__WHAT IS NEEDED__: Which of the lines in the data below contain the string "wooden"? Copy each of them.

__STUDY MATERIAL__:
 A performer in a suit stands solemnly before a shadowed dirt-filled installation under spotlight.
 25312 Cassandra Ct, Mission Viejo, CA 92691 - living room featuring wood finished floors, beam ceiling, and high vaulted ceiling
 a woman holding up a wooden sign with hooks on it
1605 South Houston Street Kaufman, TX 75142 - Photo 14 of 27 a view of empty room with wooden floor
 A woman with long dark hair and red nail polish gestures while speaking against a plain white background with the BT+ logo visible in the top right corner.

...

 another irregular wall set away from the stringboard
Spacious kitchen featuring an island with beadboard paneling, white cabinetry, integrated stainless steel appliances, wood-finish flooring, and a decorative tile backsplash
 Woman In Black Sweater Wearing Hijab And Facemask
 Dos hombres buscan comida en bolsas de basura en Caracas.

__RESPONSE AREA__:
 a woman holding up a wooden sign with hooks on it
1605 South Houston Street Kaufman, TX 75142 - Photo 14 of 27 a view of empty room with wooden floor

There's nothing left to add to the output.